» Data for processing
::::

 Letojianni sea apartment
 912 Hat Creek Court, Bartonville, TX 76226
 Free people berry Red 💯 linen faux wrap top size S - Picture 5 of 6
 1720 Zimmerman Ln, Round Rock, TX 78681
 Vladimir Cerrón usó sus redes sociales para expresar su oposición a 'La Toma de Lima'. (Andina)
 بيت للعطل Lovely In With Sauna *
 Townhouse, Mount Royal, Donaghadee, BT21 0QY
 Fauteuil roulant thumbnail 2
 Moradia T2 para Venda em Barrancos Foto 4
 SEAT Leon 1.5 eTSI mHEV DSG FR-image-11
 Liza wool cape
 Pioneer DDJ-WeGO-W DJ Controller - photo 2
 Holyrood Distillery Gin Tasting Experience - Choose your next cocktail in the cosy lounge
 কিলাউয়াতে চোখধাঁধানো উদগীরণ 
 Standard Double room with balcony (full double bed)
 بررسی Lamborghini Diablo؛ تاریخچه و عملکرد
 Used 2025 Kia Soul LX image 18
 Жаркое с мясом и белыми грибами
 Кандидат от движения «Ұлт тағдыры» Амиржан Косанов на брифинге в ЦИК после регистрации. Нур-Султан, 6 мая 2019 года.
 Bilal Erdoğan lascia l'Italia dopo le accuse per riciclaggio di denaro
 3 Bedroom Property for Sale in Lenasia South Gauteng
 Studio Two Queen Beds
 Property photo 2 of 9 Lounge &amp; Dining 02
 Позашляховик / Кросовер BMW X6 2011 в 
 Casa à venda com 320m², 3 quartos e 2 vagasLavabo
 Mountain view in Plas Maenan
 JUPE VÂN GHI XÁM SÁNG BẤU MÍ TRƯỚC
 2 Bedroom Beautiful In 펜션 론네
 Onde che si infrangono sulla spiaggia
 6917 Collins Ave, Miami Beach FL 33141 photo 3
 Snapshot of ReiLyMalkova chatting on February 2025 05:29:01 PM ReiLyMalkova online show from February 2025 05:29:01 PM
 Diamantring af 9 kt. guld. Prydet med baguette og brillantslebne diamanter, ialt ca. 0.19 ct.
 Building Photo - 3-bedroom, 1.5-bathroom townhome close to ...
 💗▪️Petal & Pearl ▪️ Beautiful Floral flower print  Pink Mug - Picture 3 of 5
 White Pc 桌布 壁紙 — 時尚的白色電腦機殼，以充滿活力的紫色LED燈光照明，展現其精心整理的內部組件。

::::

» Exercise instructions
A verbatim transcription is needed of the lines above, starting at the line with "Pioneer DDJ-WeGO-W DJ Controller - photo 2" and ending at the line with "بررسی Lamborghini Diablo؛ تاریخچه و عملکرد", both included, and of nothing else.

» Response area
 Pioneer DDJ-WeGO-W DJ Controller - photo 2
 Holyrood Distillery Gin Tasting Experience - Choose your next cocktail in the cosy lounge
 কিলাউয়াতে চোখধাঁধানো উদগীরণ 
 Standard Double room with balcony (full double bed)
 بررسی Lamborghini Diablo؛ تاریخچه و عملکرد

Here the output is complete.